:: What you need to do ::
In the records below, find the line with "Xiaomi Redmi 15C" and the line with "Father Christmas With"; return exactly those lines and every line between them.

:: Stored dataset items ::
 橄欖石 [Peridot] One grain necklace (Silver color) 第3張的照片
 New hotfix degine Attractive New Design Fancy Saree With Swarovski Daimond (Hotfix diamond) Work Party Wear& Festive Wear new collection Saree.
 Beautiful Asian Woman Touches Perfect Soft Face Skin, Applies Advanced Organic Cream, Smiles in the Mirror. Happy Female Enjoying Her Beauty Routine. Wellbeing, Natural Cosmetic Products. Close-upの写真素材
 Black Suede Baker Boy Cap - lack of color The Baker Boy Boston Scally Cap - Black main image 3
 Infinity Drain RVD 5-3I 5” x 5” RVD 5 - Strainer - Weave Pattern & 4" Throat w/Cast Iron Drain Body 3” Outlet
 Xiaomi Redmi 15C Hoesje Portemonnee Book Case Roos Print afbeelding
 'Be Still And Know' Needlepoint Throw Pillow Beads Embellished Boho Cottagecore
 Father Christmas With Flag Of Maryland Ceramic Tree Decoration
...
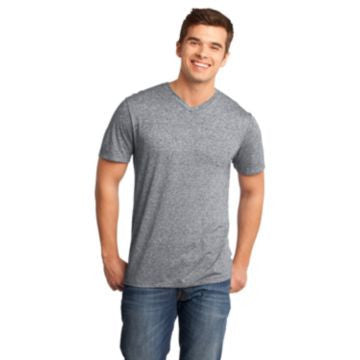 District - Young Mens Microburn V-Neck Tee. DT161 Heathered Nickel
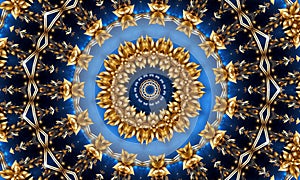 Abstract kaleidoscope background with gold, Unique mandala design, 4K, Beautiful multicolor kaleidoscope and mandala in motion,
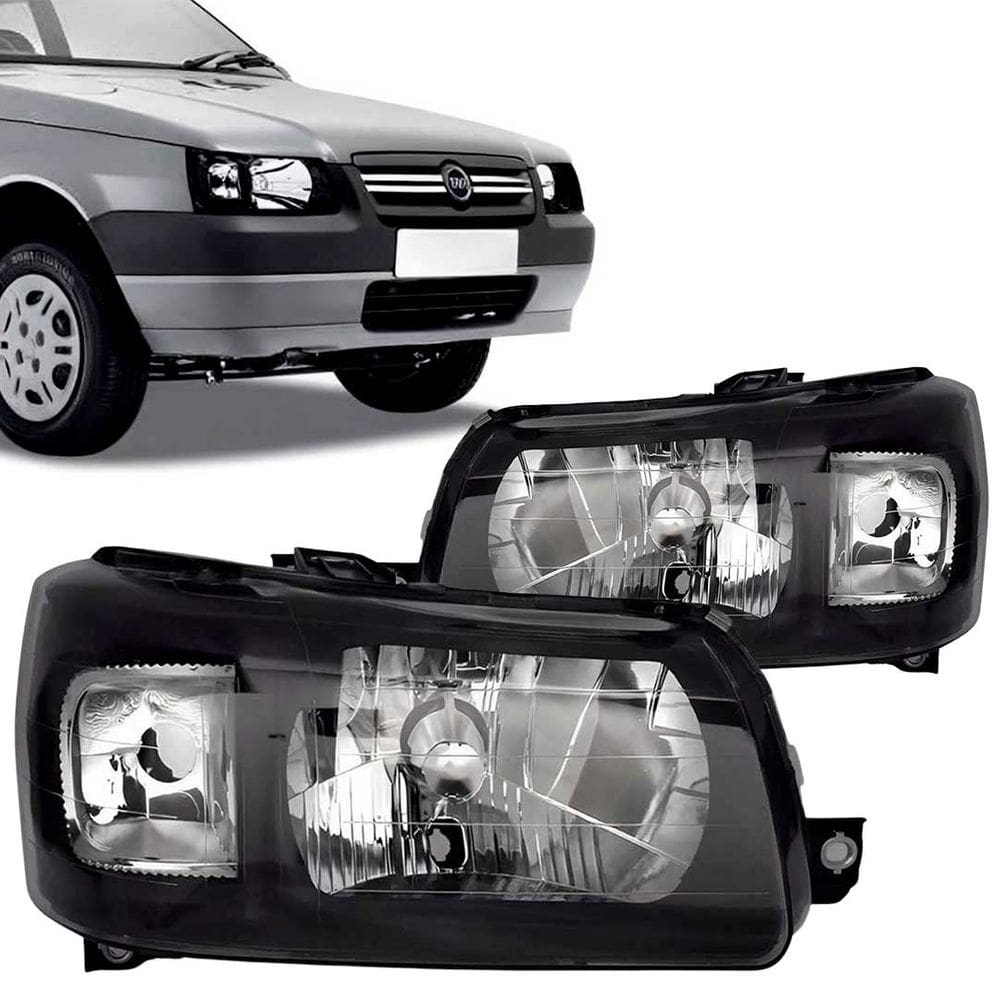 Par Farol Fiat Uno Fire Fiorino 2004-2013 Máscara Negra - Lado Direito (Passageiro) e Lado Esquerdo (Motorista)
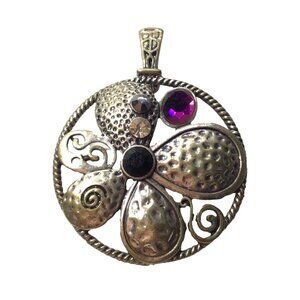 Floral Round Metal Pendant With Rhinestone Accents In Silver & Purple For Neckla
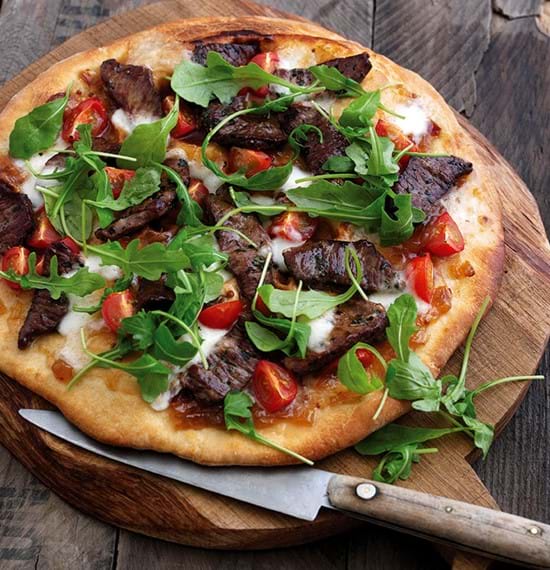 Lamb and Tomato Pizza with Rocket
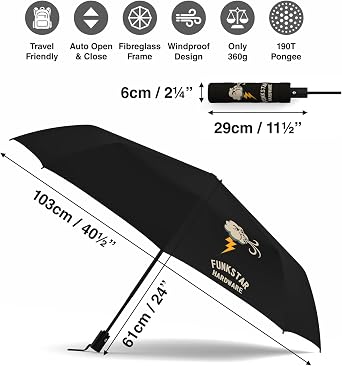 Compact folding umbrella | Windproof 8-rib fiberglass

:: Answer section ::
 Xiaomi Redmi 15C Hoesje Portemonnee Book Case Roos Print afbeelding
 'Be Still And Know' Needlepoint Throw Pillow Beads Embellished Boho Cottagecore
 Father Christmas With Flag Of Maryland Ceramic Tree Decoration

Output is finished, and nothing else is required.